The fight that our class is made for. The only crazy mechanic here is the Shards of Torment. These crystals will spawn and must be soaked by dps players in a rotation. Our team uses 4 players. It’s a good idea to chose classes that have either a self-healing or some kind of damage mitigation. I soak the 1st shard to 12 stacks using Feint halfway through while continuing to maximize dps, Shadowpriest takes the next 12. Our shard despawns and another shard spawns. Our Hunter takes 12, and the our Warlock takes the final 12. Rinse, repeat until that boss dies and be glad your aren’t a tank or healer. 🙂

There endeth my FL knowledge. I’m heading on family vacation for a week, but I hope to see some Alysrazor soon. Be sure to watch actual raid guides to get some better insight into these fights. Good luck and HAPPY Raiding!

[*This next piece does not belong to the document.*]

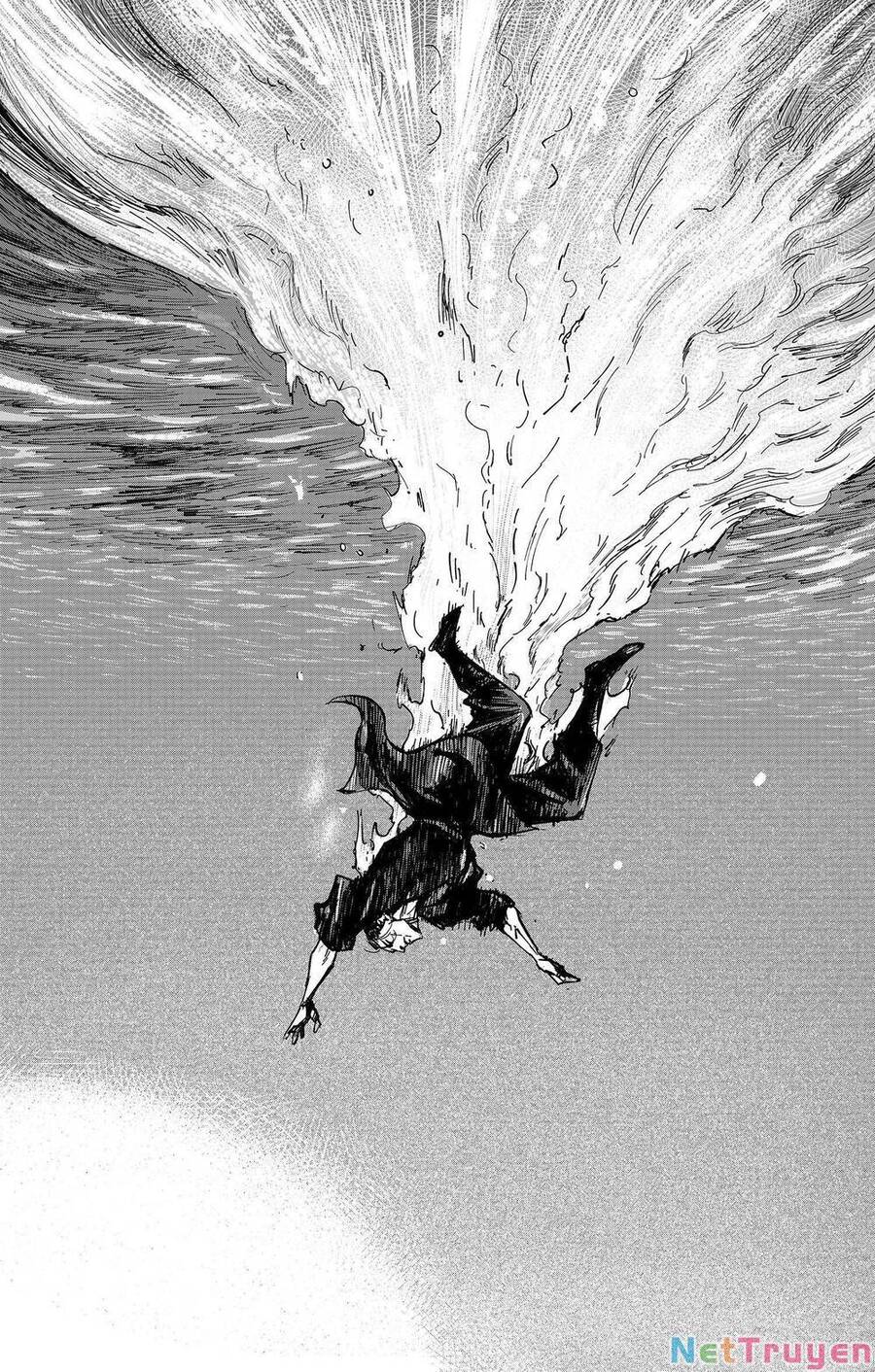 Thích Khách Tín Điều - Chapter 35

Rage of the Firelands Week 2 – To be on time is to be late…

One thing about 10 man raiding, you really have to depend on your team to show. Especially tanks and healers. In 25 man raiding, you generally have a larger bench which equals more options if RL interferes.

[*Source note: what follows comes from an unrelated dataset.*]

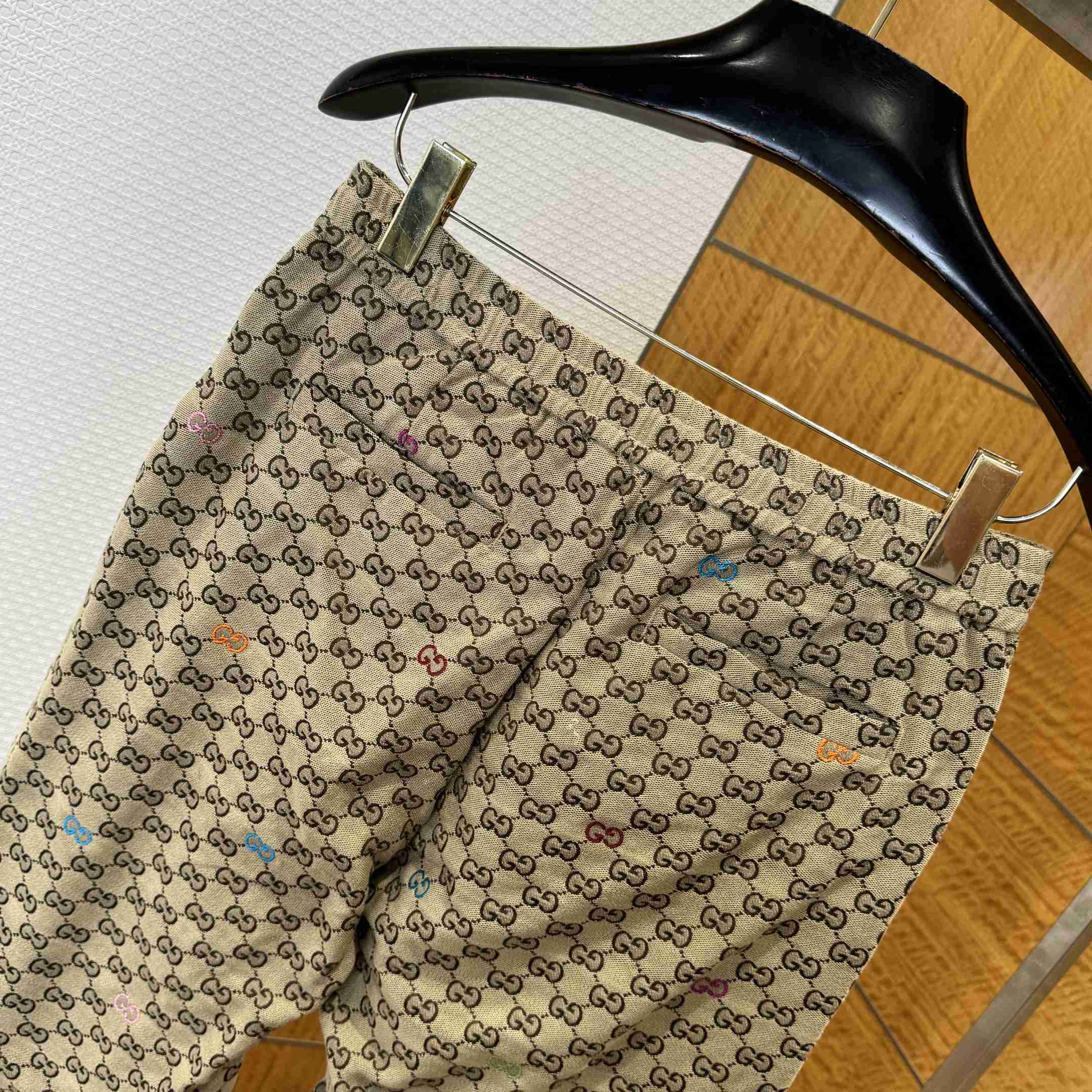 Gucci GG pants - DesignerGu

Last night we found ourselves waiting on a OT who had signed up on the calendar for last night’s planned Firelands run. After grabbing a DK Tank friend of one of our new members, we plowed ahead through the 45 mins of trash and a repeat Shannox kill. Sadly, this only left us enough time for 3 attempts on Beth’tilac and no new kill in week 2.

Raiding etiquette 101 – Sign up, show up, or please communicate. Nine other people are sacrificing their time to be their. Show them some courtesy.

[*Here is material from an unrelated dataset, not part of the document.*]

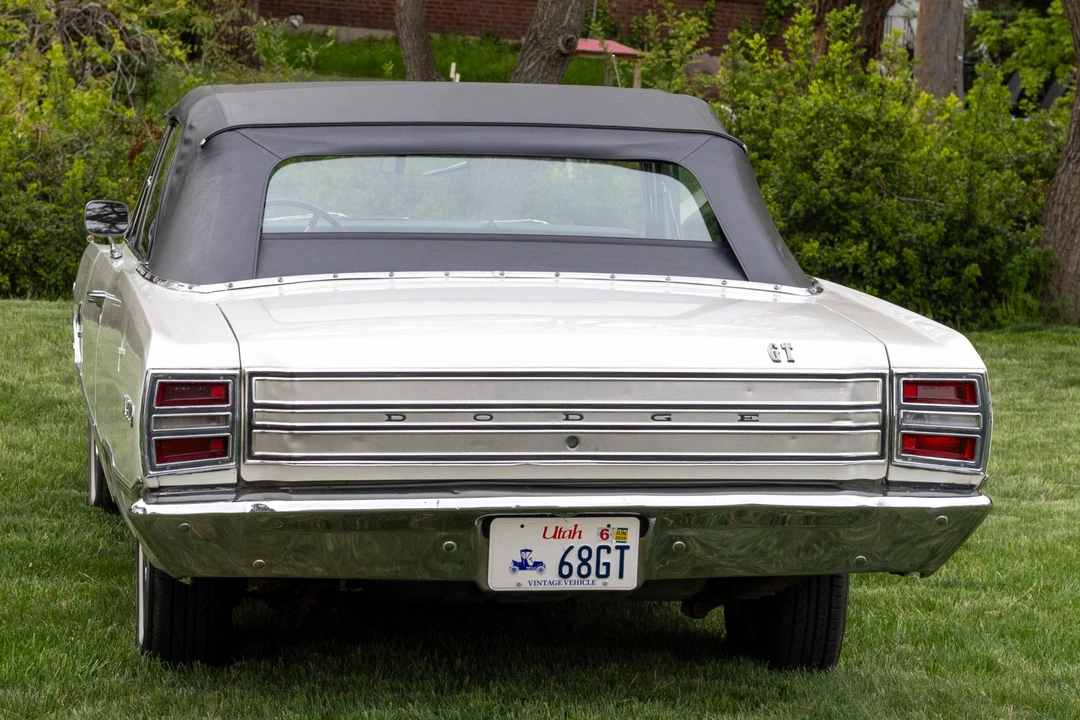 1968 Dodge Dart - Image 14 of 31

Hopefully, Tuesday’s run will start on time and we’ll get some work done in the new Tier12 content. 🙂

Happy Raiding!

Rage of the Firelands Week 1: Trash and Shannox

My first adventure in the new tier of raiding was the Saturday after release. After a two month raid break at the end of Tier 11, the six of us still interested in raiding from our original team were starting to feel the raiding bug again.

The trash in Firelands is actually pretty fun. Thank goodness because there is a lot of it. On our first night with a couple PUGs from trade (we actually recruited an old raidmate that night searching for a home), we saw the strength trinket, caster staff, and a crossbow. Loot is great, but it was fun to be running with the guys again.

On Sunday, we ventured in on our first main raid. We brought along a Pally to replace our friend who gained a new work schedule during our break. After a good trash clear and 4 attempts, we managed to down Shannox. (Yay new dagger!) Beth’tilac didn’t drop in our first two attempts, but we were at the end of our allotted 3 hours.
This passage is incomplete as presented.